Rupture of the pectoralis major is an uncommon injury that can lead to pain, loss of strength, and cosmetic deformity. The purpose of this study was to analyze the outcome of pectoralis major repairs by a single surgeon. Twenty-four patients who underwent pectoralis major repair by the senior author (M.D.L.) between May 2005 and March 2011 were retrospectively identified. Patients were assessed at least 6 months postoperatively with the use of various questionnaires, including the Penn Shoulder Score, American Shoulder and Elbow Surgeons (ASES) Standardized Shoulder Assessment Form, and Single Assessment Numeric Evaluation (SANE). All patients were men with an injury to the sternal head of the pectoralis. Most (16/24; 67%) patients sustained the injury while bench or incline bench pressing. Nineteen (79%) patients were successfully contacted for follow-up. Of these, an average preinjury bench press of 318 lb (range, 145-525 lb) was restored to an average of 264 lb (range, 100-500 lb) at follow-up. Average preoperative Penn Shoulder Score was 60 points (range, 33-77 points), improving to 94 points (range, 64-100 points) at last follow-up (P=.011). Average postoperative ASES and SANE scores were 96 points (range, 60-100 points) and 93 points (range, 50-100 points), respectively. All but 1 patient were rated excellent (14/19; 74%) or good (4/19; 21%) by the Bak criteria. Operative treatment of pectoralis major rupture yields high patient satisfaction and allows predictable return of comfort, range of motion, cosmesis, and overall limb strength, with a slightly less predictable return of maximum bench press strength.
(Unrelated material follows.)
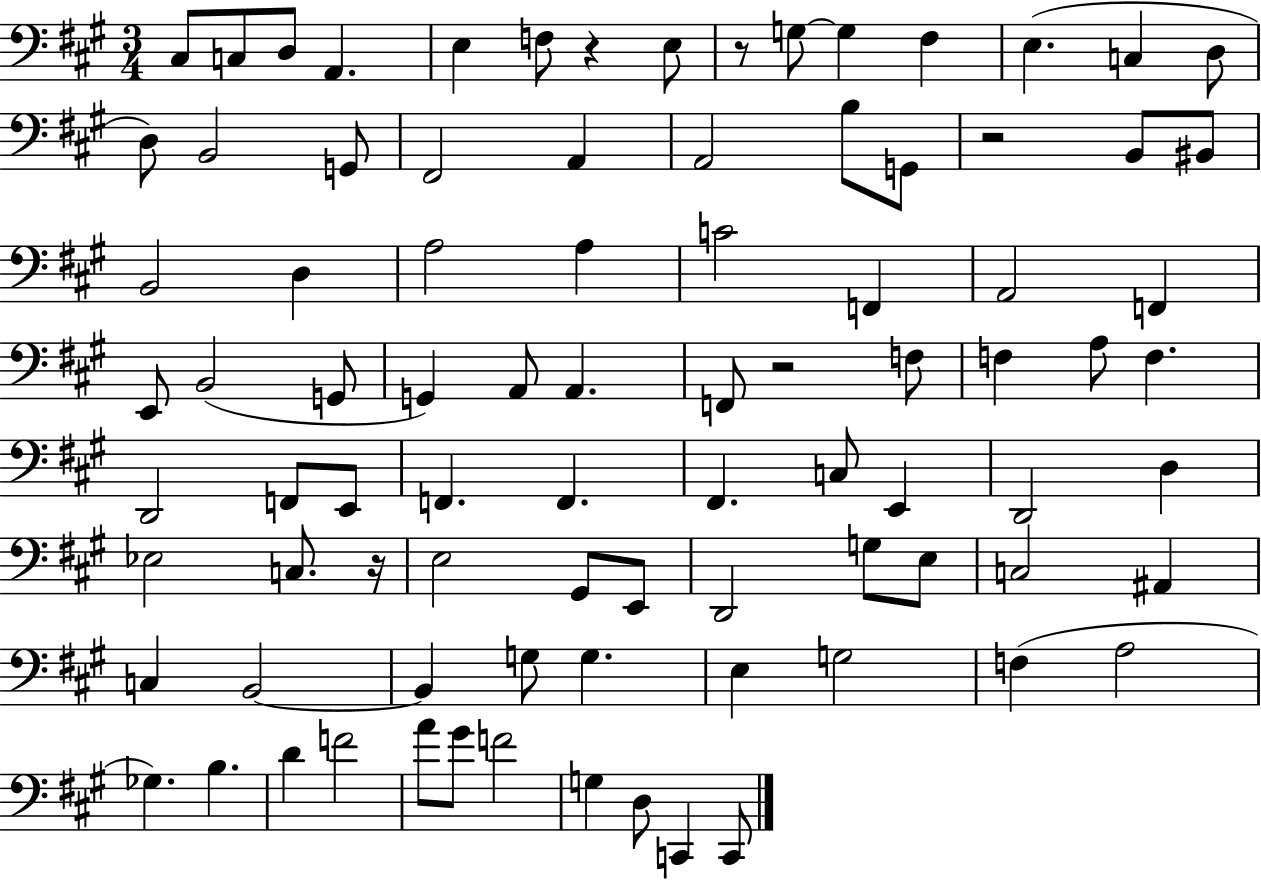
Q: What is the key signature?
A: A major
胸大肌断裂是一种罕见的损伤,可导致疼痛、力量丧失和外观畸形。本研究的目的是分析由单一外科医生进行胸大肌修复的结果。回顾性确定了2005年5月至2011年3月间由资深作者(医学博士L)进行胸大肌修复的24例患者。术后至少6个月,使用各种问卷对患者进行评估,包括宾夕法尼亚肩部评分、美国肩肘外科医生(ASES)标准化肩部评估表和单项评估数字评价(SANE)。所有患者均为男性,胸大肌胸骨头部受伤。大多数(16/24;67%)患者在卧推或上斜卧推时受伤。19例(79%)患者成功获得随访。其中,受伤前平均卧推重量为318磅(范围145 - 525磅),随访时恢复到平均264磅(范围100 - 500磅)。术前宾夕法尼亚肩部评分平均为60分(范围33 - 77分),末次随访时提高到94分(范围64 - 100分)(P = 0.011)。术后ASES和SANE评分平均分别为96分(范围60 - 100分)和93分(范围50 - 100分)。根据巴克标准,除1例患者外,所有患者均被评为优秀(14/19;74%)或良好(4/19;21%)。胸大肌断裂的手术治疗使患者满意度较高,并能使舒适度、活动范围、外观和肢体整体力量得到可预测的恢复,最大卧推力量的恢复则稍难预测。